Jquery: Turn 3 arrays in to different objects with different IDs

Question

I've been fooling around with a very minimalistic jquery admin area menu. The thing is I want jQuery to build 3 equal menus with different ID's. I managed to do this by creating a function and call it 3 times with different variables, but I'd like to ask my first question on this lovely community:

What is the most minimalistic and efficient way of creating 3 elements with different IDs and content?

d=['Varer','Kate','Produ','Tilbud','Sider','Info','Pref'];

e=['Varer1','Kate1','Produ1','Tilbud1','Sider1','Info1','Pref1'];

f=['Varer2','Kate2','Produ2','Tilbud2','Sider2','Info2','Pref2'];

function menu(){
var e='';
$.each(d,function(a,b){e+='<a href=#'+b+'>'+b+'</a>'});
$('body').append('<div id=c>'+e+'</div>');}
menu();

Thanks in advance

Answer 1

How about this: http://jsfiddle.net/M6Upv/

d = ['Varer', 'Kate', 'Produ', 'Tilbud', 'Sider', 'Info', 'Pref'];
e = ['Varer1', 'Kate1', 'Produ1', 'Tilbud1', 'Sider1', 'Info1', 'Pref1'];
f = ['Varer2', 'Kate2', 'Produ2', 'Tilbud2', 'Sider2', 'Info2', 'Pref2'];

function menu(i, array) {
    var e = '';
    $.each(array, function(a, b) { e += '<a href=#' + b + '>' + b + '</a>'; });
        // Use the "i" value to make sure the container ID is unique
    $('body').append('<div id=c' + i + '>' + e + '</div>');
}
   // Place your arrays in an array, and call a separate .each()
   //    with your menu() function as the callback.
$.each([d, e, f], menu);​

Answer 2

Your method is actually really good.
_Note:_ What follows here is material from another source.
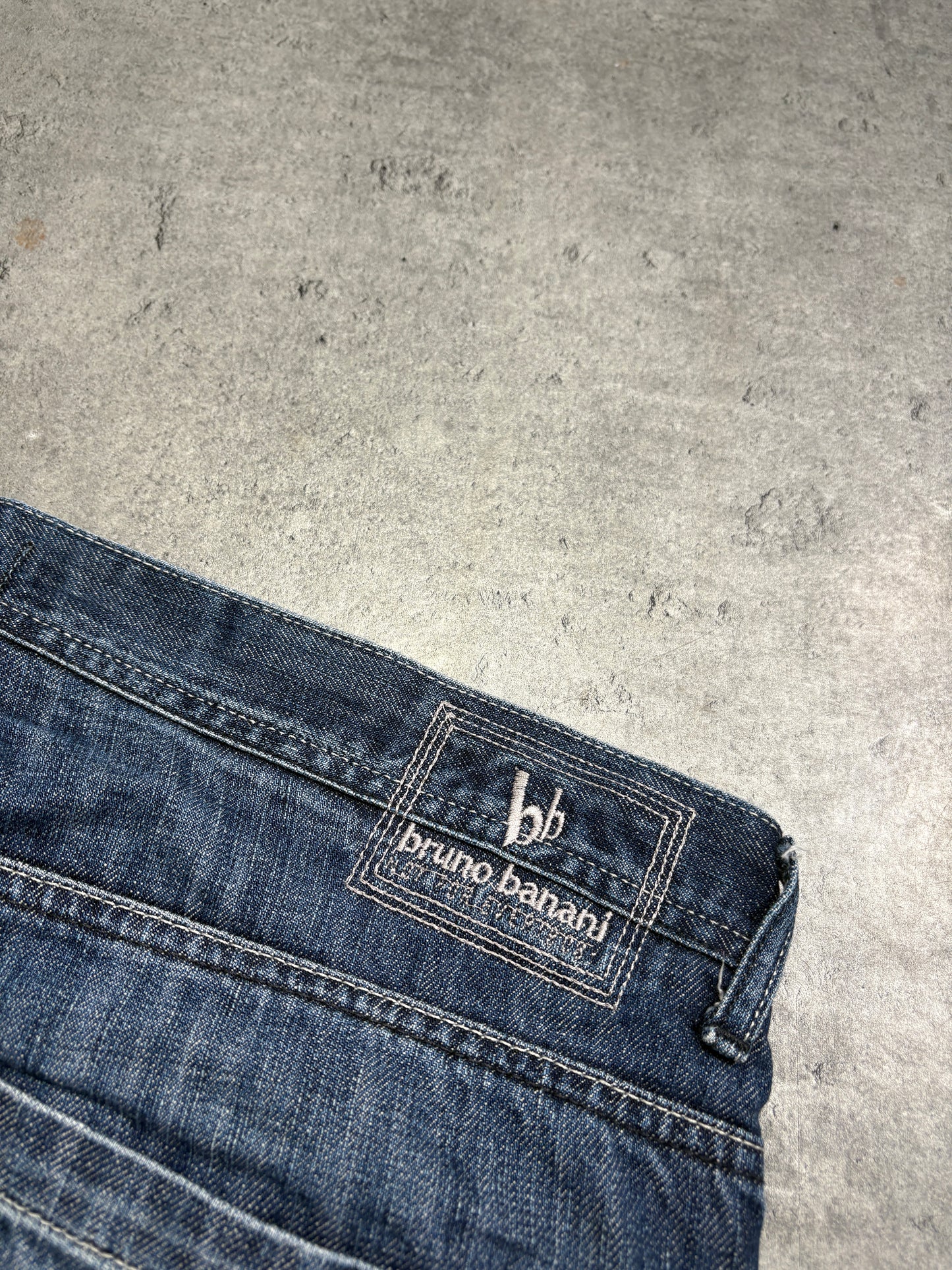 2000s Bruno Banani baggy jeans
Keep in mind these following issues though:

Missing the var keyword will make the variable global.

var d = ['Varer' ..];

Keep the function independent of the outside environment. Pass the array as a parameter.

function menu(array) {

}

Pass the id as an argument into the function which currently seems to assign all divs the id "c".

function menu(id, dataArray) {

}

Each time you append something to a string, a new string is created. A faster method is to add these strings to an array and join them at the end. Here's the menu function keeping all above points in mind.

function menu(id, data) {
    var links = $.map(data, function(value) {
        return  '<a href="#' + value + '">' + value + '</a>';
    }).get();

    var div = $('<div>', { 
        id: id,
        html: links.join('')
    });
    $('body').append(div);
}

Minimalistic code does not mean you should use one letter variable names. Leave that to the minifier.

menu('firstId', d);
menu('secondId', e);
menu('thirdId', f);